Oireachtas Joint and Select Committees

Wednesday, 25 January 2017

Joint Oireachtas Committee on Health

Emergency Department Overcrowding: Discussion

1:30 pm

Photo of Michael HartyMichael Harty (Clare, Independent) | Oireachtas source

With regard to hospital emergency department overcrowding, it is a given that every witness who has appeared at this meeting and the meetings on the future of health care accepts there is a bed capacity issue. That cannot be addressed in the immediate term. The bed capacity review will undoubtedly outline that there is a shortage of beds. The number of beds needed may be debatable but there is certainly a shortage in the system. Given that, the only option left is to try to make the system we have more efficient. That is what we are trying to do. There are many components to trying to make the system more efficient. To put it simply, the hospital system cannot cope with the number of people coming in. Are there strategies we can devise that reduce the number of people who require acute hospital care, be it through increased resources or bolstering staff in the community to look after patients? There is capacity in that regard to reduce demand. We have to balance that with the demographics. The population is getting older and people have multiple chronic morbidities. Certainly, they should be looked after within the community. There needs to be an examination of how we can prevent people ending up in casualty departments. How can we stop that?

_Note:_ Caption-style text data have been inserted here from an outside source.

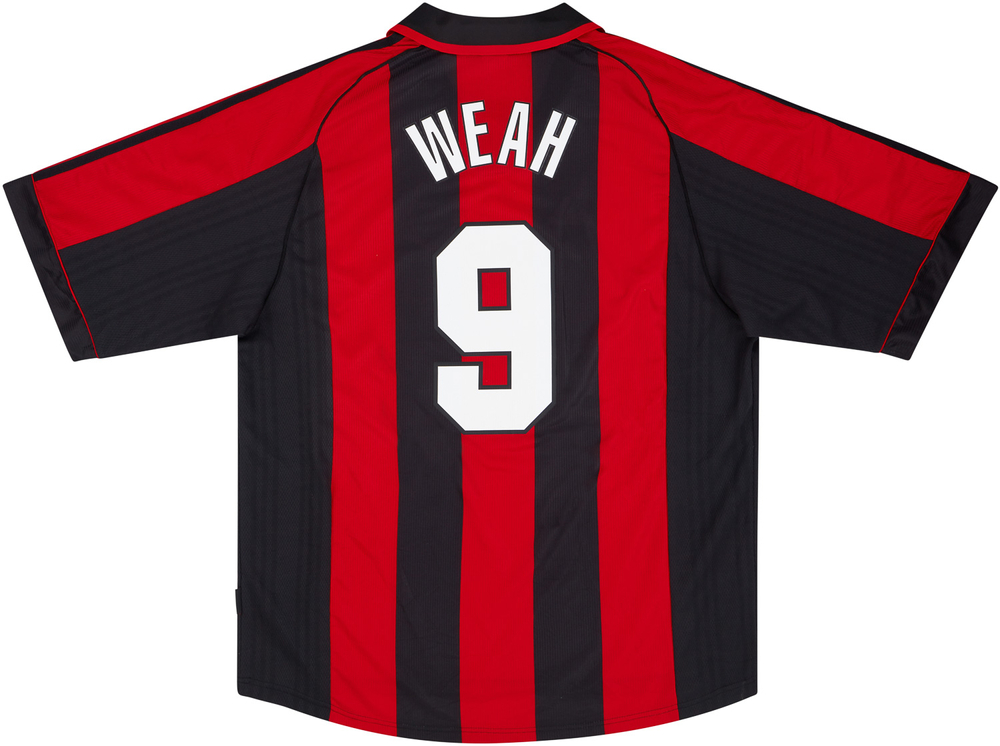 1998-00 AC Milan Home Shirt Weah #9 (Excellent) L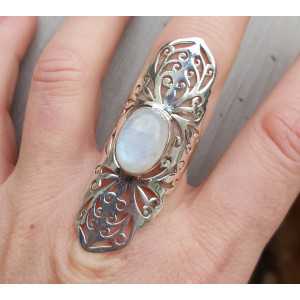 Silver ring with Moonstone in open worked setting 19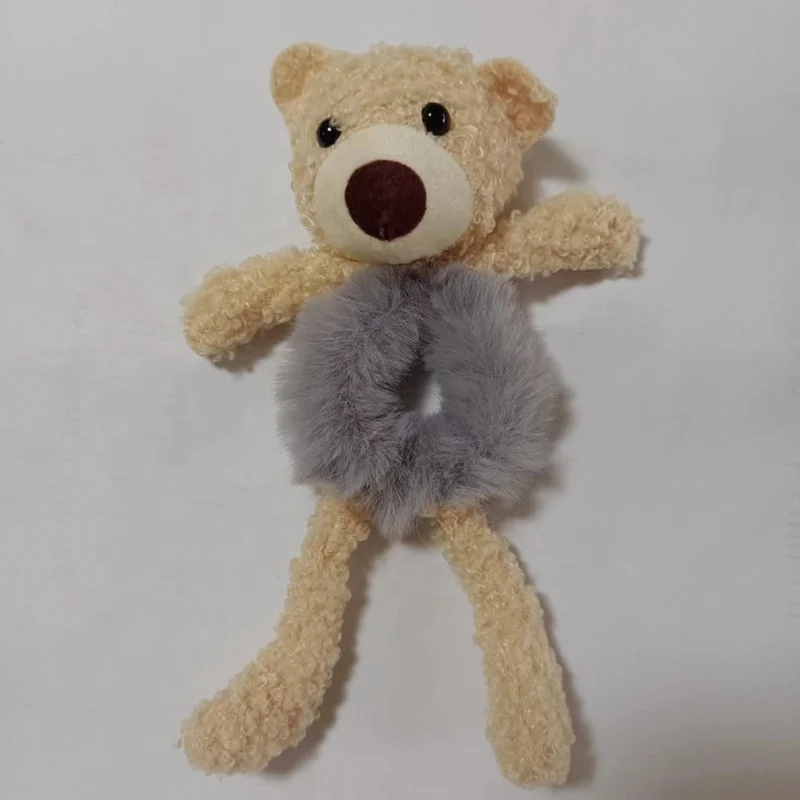 New Creative Cute Plush Bear Rabbit Scrunchie Ponytail Hair Tie Decorate Elastic Hair Bands Headband Fashion Hair Accessories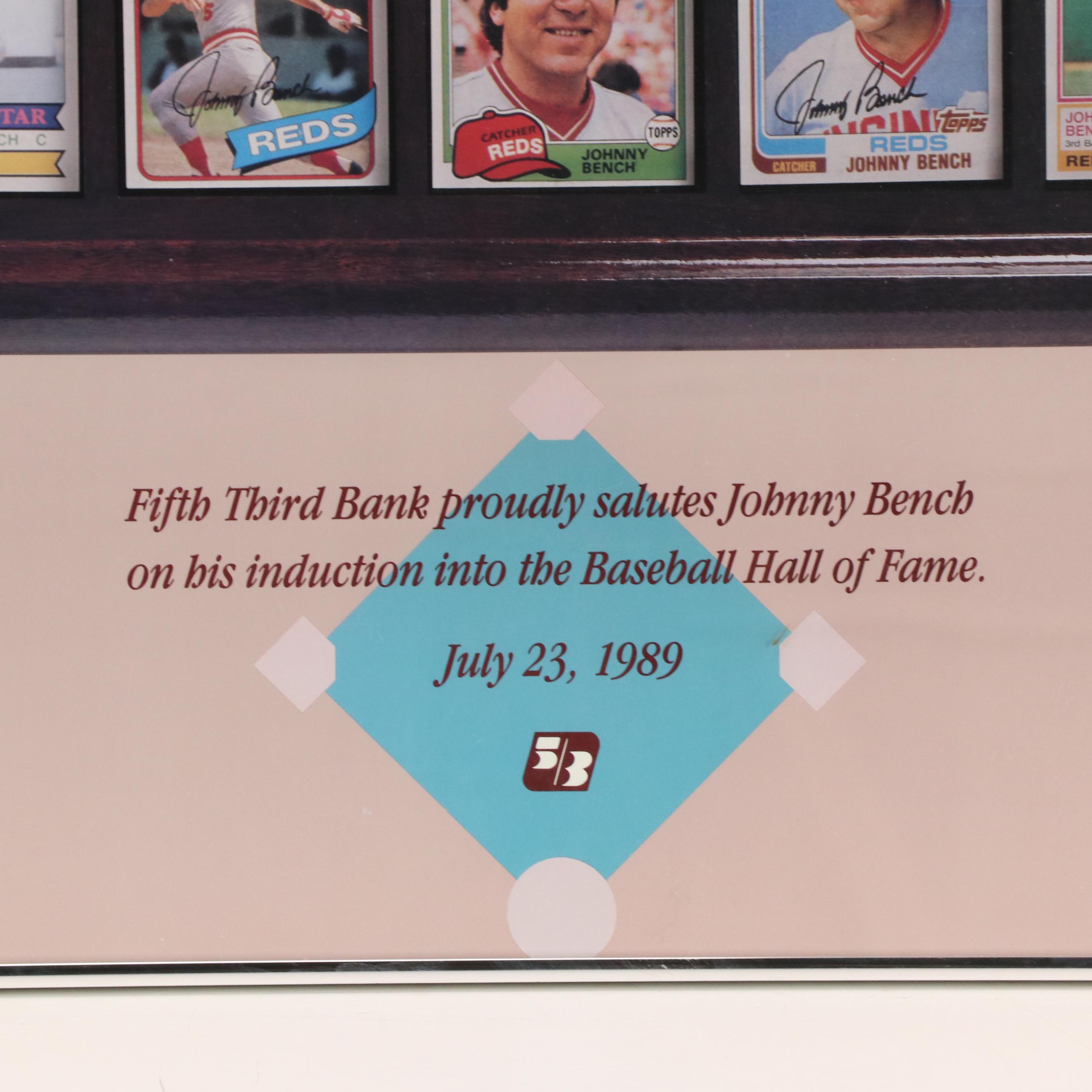 Topps Johnny Bench Cincinnati Reds Baseball Card Framed Poster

The other aspect is the question of how we can get people who have completed their acute care back out into the community. Senator Colm Burke has mentioned that the nursing homes association has identified it has capacity to take people out of hospitals once they have completed their acute care. That is another aspect of efficiency.

The third aspect of efficiency concerns the fact that, within the hospital system itself, there are inefficiencies in regard to patient flow and the way in which patients are managed within hospitals. I refer also to access to diagnostics, staffing and the recruitment necessary if people are to be looked after in hospital. All these aspects of care can be managed within the constraints of our bed capacity. The delegation is saying that we will not have a substantial increase in capacity for three to five years so all the other factors need to be addressed to make the system more efficient.

With regard to recruitment and retention of staff, how can we make our system more attractive? Obviously, it is not attractive. That is why people are not taking up the posts and why our nurses and doctors are emigrating. The system is so inefficient that there is no job satisfaction and a very high stress level. Bearing in mind the efficiencies I have outlined, is there capacity to improve the service?